┌──

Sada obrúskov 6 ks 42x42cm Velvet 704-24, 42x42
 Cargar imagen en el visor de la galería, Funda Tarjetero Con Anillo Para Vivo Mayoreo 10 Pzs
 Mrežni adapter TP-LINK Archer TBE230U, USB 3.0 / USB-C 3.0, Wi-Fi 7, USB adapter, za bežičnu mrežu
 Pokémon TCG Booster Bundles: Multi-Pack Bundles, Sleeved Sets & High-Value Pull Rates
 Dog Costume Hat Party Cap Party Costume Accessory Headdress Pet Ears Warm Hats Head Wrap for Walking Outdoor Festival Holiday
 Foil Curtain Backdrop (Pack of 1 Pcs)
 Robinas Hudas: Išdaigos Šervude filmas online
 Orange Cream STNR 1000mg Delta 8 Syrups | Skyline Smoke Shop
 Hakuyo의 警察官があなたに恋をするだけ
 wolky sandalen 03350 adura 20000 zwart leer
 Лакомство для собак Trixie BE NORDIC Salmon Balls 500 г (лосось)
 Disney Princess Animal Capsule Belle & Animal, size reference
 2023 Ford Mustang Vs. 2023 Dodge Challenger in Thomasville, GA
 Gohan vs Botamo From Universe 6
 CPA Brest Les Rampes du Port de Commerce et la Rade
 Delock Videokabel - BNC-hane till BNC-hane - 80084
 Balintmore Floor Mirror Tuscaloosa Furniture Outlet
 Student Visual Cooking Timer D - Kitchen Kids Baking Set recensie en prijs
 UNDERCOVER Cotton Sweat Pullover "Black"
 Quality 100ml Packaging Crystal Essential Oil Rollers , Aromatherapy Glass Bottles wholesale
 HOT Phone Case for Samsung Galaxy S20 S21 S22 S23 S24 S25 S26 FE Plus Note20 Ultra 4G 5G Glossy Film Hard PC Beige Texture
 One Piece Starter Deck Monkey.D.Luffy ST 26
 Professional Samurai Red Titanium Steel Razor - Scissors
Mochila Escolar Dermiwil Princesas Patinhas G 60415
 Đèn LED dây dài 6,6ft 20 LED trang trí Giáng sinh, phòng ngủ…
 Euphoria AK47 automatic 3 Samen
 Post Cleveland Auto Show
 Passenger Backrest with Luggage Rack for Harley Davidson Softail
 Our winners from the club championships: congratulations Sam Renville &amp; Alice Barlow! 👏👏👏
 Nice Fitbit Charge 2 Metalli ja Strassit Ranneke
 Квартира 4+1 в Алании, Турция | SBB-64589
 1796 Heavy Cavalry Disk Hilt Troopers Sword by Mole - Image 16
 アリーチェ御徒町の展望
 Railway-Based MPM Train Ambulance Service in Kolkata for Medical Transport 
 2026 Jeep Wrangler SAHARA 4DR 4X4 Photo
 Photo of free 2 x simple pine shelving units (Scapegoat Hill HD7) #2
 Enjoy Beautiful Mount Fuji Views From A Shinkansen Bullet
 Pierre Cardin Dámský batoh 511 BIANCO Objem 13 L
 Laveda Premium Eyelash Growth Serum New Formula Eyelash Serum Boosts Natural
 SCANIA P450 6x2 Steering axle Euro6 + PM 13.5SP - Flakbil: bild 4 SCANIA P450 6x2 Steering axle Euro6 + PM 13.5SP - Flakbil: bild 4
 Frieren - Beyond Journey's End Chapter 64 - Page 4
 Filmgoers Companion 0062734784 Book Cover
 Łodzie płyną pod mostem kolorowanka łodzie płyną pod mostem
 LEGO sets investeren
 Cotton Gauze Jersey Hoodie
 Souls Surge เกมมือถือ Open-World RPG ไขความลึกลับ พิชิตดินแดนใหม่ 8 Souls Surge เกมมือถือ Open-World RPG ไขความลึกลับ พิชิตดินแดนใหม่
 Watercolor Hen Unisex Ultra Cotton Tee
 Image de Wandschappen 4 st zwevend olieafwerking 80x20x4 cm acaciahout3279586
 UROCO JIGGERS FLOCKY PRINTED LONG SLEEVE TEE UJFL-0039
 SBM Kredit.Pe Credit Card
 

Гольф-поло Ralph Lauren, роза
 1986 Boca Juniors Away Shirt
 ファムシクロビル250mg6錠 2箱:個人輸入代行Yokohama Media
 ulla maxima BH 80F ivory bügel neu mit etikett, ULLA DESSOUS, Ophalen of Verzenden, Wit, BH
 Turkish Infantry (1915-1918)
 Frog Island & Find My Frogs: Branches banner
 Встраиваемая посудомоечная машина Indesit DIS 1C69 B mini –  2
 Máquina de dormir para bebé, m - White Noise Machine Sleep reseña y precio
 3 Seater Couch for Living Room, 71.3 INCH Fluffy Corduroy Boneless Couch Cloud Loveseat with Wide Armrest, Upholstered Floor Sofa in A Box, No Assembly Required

└──

▸ **WHAT THE EXERCISE ASKS**: Above are the records; copy each line from them that includes the string "Ultra".

▸ **RESPONSE AREA**:
 HOT Phone Case for Samsung Galaxy S20 S21 S22 S23 S24 S25 S26 FE Plus Note20 Ultra 4G 5G Glossy Film Hard PC Beige Texture
 Watercolor Hen Unisex Ultra Cotton Tee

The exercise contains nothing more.